There are some roadblocks in this prosperous path, as the article points out. Most salient, businesses are “more constrained in the claims they can make” than politicians, presumably by the law of fraud (in its various guises). But there is a solution to this problem: encourage consumers to make their own persuasive advertising by creating “social networks around products and brands . . .” In the future, we should anticipate that such social persuasion will become an increasingly prevalent aspect of corporate marketing efforts, just as politicians have worked to co-opt social networking sites for their own ends.

Why? Because consumers have fewer defenses to social persuasion, and aren’t cynical about it yet. Moreover, social persuasion is probably less subject to legal sanction in the general case (indeed, it may be immune under circumstances where the same language if spoken by the corporation would be actionable). It is also, obviously, cheaper to produce. The downside (loss of control over message) is probably something that corporations will learn to live with. (I thank my lunch companion for pointing this problem out to me!)

What’s wrong with a society in which most speech that you hear is designed to persuade you to consume? When framed that way, some might immediately respond: nothing! After all, no one is being compelled to any particular purchase. If the consumer market is efficient, and consumers had a taste not to consume, wouldn’t savvy marketers satisfy the taste with a unpersuasive campaign? (The idea is silly on its face, but isn’t it sort of what Saturn and Berkshire Hathaway were/are up to?) Even assuming that the consumer product market is somehow irrational, marketers would presumably compete to satisfy whatever inefficient desires are extant.

But I doubt that market rhetoric is going to provide satisfying answers to whether the law should work to hinder a total persuasion society. I haven’t fully thought this issue through, but my starting point is an essay by Jonathan Franzen called Imperial Bedroom, in his book How to Be Alone. Franzen attacks privacy advocates for focusing on privacy as just problem of being from free from others’ (corporations, the government, space aliens, the U.N., etc.) prying eyes and grasping hands.

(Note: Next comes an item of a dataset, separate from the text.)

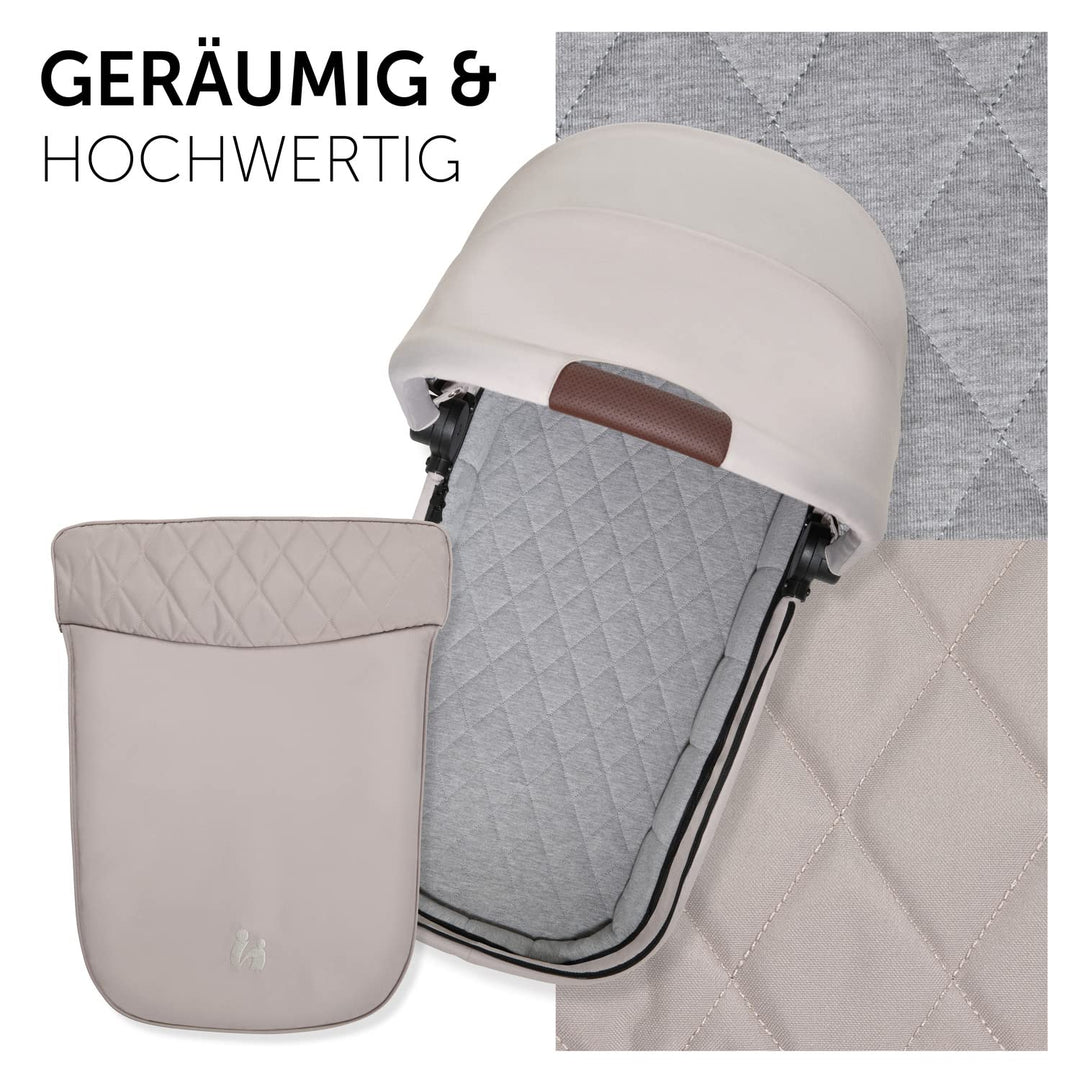 hauck Babywanne mit Memory-Knöpfen für Walk N Care Kinderwagen für Neugeborene ab Geburt bis 9 kg, U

Instead, the real loss of privacy in modern society is the “public sphere.” He argues that Americans increasingly do not differentiate between public matters and private ones, that there are few places where “codes of dress and behavior are routinely enforced, personal disclosures are penalized, and formality is still the rule.” Elsewhere, private life is “brutally invading” public spaces, through the media, cellphones, public conversations about private matters, and, in short, a “pajama-party world.”

Franzen contrasts this world with a “genuine public space,” a place where “every citizen is welcome to be present and where the purely private is excluded or restricted.” He suggests, interestingly, that legal spaces are among our few remaining public places: courtrooms and jury pools, along with art museums and some workplaces, are the rare place where discussions about personal matters are generally missing. (Incidentally, one of unforeseen losses in my move from law practice to the academy is that this public-sphere workplace model is less present. There are compensations for this loss, to be sure, but it is felt.)

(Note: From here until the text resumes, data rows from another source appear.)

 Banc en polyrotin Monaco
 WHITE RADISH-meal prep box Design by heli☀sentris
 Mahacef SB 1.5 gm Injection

There is a connection between total persuasion and the loss of public space. This connection is deeper than the mere fact that public places are being renamed in service of persuasion. I’m not the first to note that the problem with persuasion’s ubiquity is that it makes us unable to walk in public without feeling like a targeted consumer. To the extent that our fellow citizens are harnessed to this persuasive effort, this lack of noncommercial space will be all the more keenly felt.

Is the right to be un-persuaded, to develop preferences that are all yours, one that the law recognizes? Not currently, although the movement to get advertising out of school suggests that there is a something to this. Stay tuned.

(Art Credit: Kenney Mencher, Austen’s Persuasion, 2005)


 May 21, 2007 at 8:50 pm   Posted in: Advertising, Behavioral Law and Economics, Consumer Protection Law, Contract Law & Beyond, Culture, Economic Analysis of Law, Law and Psychology, Politics   Print This Post Print This Post

Responses (3)

  1. Belle Lettre - May 22, 2007 at 12:35 am

    Thanks for a great and interesting post. I’m not going to position myself on Franzen’s side (would be hypocritical) or on the opposite (since I don’t belong their either). Rather, I would offer these two thoughts:

    1) The proliferation of blogs and online journals have been key to eroding Franzen’s conception of the public sphere. My own blog, for example, has been characterized by Dan Filler as “a (particularly nice) mix of the personal and academic.” I won’t get into whether that’s good or bad, but I will note that nowadays, even on what one would call “academic” (as opposed to the personal blogs of academics) blogs are riddled with personal observations. Dan Markel offers his travel tips on Prawfsblawg. Baby announcements are routine. Let’s not even discuss such diary sites as Xanga or LiveJournal.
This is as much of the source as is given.